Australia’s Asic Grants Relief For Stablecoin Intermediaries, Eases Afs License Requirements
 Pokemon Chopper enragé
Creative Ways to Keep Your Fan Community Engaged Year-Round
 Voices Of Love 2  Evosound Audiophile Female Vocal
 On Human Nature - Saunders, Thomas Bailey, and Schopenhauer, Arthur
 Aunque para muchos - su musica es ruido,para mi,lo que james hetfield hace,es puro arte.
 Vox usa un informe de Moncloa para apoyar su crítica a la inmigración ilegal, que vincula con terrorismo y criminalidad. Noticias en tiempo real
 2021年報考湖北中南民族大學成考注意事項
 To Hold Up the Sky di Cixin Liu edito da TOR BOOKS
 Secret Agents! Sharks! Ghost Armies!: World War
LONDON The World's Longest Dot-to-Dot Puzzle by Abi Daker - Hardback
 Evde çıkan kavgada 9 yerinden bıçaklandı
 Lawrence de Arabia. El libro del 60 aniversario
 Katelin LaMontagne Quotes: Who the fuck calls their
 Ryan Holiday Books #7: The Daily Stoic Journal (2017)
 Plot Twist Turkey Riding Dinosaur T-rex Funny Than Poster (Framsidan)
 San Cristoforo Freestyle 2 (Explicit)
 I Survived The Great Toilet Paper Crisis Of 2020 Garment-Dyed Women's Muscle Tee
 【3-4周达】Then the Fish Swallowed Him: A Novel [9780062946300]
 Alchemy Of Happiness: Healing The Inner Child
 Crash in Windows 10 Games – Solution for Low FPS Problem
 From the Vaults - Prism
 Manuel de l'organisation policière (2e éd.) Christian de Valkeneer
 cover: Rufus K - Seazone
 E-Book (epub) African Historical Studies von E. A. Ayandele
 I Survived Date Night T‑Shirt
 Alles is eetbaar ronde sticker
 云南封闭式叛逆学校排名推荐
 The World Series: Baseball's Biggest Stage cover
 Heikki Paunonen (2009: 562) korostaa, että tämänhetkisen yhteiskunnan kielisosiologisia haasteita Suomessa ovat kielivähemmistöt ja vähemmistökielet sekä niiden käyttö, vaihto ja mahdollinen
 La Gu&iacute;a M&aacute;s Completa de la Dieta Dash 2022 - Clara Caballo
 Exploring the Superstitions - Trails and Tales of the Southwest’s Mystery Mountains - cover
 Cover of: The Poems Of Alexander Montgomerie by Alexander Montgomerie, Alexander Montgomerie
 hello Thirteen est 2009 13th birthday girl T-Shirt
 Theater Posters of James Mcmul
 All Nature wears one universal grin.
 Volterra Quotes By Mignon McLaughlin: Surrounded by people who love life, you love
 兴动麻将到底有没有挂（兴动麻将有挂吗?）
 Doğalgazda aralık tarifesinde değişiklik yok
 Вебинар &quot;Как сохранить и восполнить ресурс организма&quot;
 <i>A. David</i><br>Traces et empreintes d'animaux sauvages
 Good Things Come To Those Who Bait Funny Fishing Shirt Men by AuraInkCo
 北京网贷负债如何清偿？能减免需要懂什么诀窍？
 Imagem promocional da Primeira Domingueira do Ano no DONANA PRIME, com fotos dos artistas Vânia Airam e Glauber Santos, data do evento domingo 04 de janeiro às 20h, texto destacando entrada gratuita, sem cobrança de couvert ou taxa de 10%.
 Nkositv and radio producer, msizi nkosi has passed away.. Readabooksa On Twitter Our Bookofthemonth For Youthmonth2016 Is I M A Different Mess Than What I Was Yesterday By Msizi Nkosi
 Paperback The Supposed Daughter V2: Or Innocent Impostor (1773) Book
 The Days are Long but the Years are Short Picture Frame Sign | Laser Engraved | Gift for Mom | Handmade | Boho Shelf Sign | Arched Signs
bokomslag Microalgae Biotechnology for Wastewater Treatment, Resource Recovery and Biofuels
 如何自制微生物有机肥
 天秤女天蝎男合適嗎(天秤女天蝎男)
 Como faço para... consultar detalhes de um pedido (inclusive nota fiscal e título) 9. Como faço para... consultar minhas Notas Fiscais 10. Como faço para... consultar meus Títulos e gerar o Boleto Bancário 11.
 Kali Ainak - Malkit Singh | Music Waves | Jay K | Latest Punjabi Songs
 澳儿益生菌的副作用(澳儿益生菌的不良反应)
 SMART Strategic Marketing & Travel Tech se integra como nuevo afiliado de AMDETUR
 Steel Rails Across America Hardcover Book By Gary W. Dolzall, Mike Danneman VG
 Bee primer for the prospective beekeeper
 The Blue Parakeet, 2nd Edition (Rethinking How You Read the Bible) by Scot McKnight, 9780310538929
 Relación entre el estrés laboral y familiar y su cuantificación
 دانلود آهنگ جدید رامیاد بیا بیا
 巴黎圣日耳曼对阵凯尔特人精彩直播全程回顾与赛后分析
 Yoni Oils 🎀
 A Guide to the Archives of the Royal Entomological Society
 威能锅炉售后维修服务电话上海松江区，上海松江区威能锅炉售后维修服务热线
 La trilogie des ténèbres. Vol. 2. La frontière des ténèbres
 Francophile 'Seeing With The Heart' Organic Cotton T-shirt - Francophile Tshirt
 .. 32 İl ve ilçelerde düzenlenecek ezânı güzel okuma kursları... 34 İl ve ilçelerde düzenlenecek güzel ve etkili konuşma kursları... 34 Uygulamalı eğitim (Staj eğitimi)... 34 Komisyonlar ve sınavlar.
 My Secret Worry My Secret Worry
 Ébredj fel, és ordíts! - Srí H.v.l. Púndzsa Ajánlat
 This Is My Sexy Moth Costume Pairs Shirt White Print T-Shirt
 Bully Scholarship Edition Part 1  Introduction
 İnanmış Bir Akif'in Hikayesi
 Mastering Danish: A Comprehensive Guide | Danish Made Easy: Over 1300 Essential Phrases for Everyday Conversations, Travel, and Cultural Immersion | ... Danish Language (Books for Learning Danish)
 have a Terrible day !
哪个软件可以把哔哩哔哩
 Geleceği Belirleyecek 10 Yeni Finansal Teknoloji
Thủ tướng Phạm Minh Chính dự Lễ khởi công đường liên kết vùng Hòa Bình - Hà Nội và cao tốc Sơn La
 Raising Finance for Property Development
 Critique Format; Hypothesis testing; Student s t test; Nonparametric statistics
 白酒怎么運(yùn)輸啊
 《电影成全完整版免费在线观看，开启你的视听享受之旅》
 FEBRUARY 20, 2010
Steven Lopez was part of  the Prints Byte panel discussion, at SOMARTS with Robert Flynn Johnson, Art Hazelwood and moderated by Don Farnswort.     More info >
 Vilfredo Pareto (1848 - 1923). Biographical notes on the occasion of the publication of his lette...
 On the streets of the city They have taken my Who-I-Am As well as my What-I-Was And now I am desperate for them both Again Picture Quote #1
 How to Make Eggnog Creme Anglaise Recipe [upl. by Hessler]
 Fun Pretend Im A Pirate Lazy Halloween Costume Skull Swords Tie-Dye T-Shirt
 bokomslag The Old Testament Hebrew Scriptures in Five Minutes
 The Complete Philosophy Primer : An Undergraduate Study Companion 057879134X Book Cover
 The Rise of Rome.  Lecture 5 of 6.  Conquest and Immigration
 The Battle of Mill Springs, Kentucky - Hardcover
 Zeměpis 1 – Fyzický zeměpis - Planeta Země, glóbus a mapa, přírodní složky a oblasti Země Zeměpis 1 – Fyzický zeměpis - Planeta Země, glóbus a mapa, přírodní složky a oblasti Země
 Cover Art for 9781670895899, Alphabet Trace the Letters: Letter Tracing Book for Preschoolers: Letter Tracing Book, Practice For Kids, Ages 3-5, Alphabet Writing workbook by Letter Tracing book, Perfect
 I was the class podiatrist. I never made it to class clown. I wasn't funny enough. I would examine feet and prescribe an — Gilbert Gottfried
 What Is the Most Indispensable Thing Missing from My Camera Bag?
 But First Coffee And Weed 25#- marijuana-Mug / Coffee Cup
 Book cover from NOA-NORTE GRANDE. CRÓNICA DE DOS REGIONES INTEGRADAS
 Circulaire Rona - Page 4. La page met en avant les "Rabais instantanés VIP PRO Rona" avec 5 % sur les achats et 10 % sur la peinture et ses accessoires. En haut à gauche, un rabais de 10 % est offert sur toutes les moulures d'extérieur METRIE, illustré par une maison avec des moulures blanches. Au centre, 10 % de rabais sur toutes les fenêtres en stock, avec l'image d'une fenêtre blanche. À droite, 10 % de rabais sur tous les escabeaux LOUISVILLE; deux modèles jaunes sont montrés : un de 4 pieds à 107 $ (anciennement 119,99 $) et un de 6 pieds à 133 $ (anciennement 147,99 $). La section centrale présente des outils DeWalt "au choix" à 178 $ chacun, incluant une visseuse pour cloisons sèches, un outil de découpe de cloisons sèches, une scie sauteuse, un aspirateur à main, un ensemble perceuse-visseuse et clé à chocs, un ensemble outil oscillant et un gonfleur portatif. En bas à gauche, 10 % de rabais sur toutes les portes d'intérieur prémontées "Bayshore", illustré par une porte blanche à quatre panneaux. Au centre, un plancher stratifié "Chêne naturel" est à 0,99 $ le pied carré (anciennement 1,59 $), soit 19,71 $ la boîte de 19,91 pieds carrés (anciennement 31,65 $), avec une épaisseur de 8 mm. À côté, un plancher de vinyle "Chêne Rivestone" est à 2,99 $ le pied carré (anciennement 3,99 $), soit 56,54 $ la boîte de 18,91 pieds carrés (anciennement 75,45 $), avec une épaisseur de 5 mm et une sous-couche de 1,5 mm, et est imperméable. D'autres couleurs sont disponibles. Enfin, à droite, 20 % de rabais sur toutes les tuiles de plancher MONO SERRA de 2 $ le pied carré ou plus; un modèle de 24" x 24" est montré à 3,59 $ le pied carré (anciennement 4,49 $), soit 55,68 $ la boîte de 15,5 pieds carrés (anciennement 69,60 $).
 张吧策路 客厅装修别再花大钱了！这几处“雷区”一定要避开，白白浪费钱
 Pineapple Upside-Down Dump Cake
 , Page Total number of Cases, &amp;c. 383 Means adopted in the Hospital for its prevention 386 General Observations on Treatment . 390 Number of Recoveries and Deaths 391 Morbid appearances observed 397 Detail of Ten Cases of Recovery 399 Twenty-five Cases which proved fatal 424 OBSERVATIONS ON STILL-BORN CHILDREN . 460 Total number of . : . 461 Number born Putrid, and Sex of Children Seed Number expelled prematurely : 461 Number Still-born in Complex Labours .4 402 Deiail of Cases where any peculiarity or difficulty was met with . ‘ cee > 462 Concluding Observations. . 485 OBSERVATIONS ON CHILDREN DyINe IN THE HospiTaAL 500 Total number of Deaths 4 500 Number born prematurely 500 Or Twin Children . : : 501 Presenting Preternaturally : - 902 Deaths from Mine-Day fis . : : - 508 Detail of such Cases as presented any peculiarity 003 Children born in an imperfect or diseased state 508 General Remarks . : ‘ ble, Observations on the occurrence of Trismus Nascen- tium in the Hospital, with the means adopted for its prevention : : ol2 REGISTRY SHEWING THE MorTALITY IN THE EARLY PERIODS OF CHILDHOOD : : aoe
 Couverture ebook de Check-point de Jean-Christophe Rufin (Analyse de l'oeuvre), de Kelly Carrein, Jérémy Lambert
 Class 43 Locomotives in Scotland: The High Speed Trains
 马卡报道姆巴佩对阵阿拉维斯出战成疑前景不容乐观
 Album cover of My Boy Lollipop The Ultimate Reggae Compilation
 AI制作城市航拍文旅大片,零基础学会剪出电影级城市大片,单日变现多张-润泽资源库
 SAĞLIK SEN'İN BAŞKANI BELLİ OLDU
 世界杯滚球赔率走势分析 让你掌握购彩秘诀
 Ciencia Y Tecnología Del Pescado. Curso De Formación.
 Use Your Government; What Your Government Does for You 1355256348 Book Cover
*-*-*
_What to do_
A verbatim transcription is needed of the lines above, starting at the line with "Manuel de l'organisation" and ending at the line with "bokomslag Microalgae Biotechnology", both included, and of nothing else.

_Problem solution_
 Manuel de l'organisation policière (2e éd.) Christian de Valkeneer
 cover: Rufus K - Seazone
 E-Book (epub) African Historical Studies von E. A. Ayandele
 I Survived Date Night T‑Shirt
 Alles is eetbaar ronde sticker
 云南封闭式叛逆学校排名推荐
 The World Series: Baseball's Biggest Stage cover
 Heikki Paunonen (2009: 562) korostaa, että tämänhetkisen yhteiskunnan kielisosiologisia haasteita Suomessa ovat kielivähemmistöt ja vähemmistökielet sekä niiden käyttö, vaihto ja mahdollinen
 La Gu&iacute;a M&aacute;s Completa de la Dieta Dash 2022 - Clara Caballo
 Exploring the Superstitions - Trails and Tales of the Southwest’s Mystery Mountains - cover
 Cover of: The Poems Of Alexander Montgomerie by Alexander Montgomerie, Alexander Montgomerie
 hello Thirteen est 2009 13th birthday girl T-Shirt
 Theater Posters of James Mcmul
 All Nature wears one universal grin.
 Volterra Quotes By Mignon McLaughlin: Surrounded by people who love life, you love
 兴动麻将到底有没有挂（兴动麻将有挂吗?）
 Doğalgazda aralık tarifesinde değişiklik yok
 Вебинар &quot;Как сохранить и восполнить ресурс организма&quot;
 <i>A. David</i><br>Traces et empreintes d'animaux sauvages
 Good Things Come To Those Who Bait Funny Fishing Shirt Men by AuraInkCo
 北京网贷负债如何清偿？能减免需要懂什么诀窍？
 Imagem promocional da Primeira Domingueira do Ano no DONANA PRIME, com fotos dos artistas Vânia Airam e Glauber Santos, data do evento domingo 04 de janeiro às 20h, texto destacando entrada gratuita, sem cobrança de couvert ou taxa de 10%.
 Nkositv and radio producer, msizi nkosi has passed away.. Readabooksa On Twitter Our Bookofthemonth For Youthmonth2016 Is I M A Different Mess Than What I Was Yesterday By Msizi Nkosi
 Paperback The Supposed Daughter V2: Or Innocent Impostor (1773) Book
 The Days are Long but the Years are Short Picture Frame Sign | Laser Engraved | Gift for Mom | Handmade | Boho Shelf Sign | Arched Signs
bokomslag Microalgae Biotechnology for Wastewater Treatment, Resource Recovery and Biofuels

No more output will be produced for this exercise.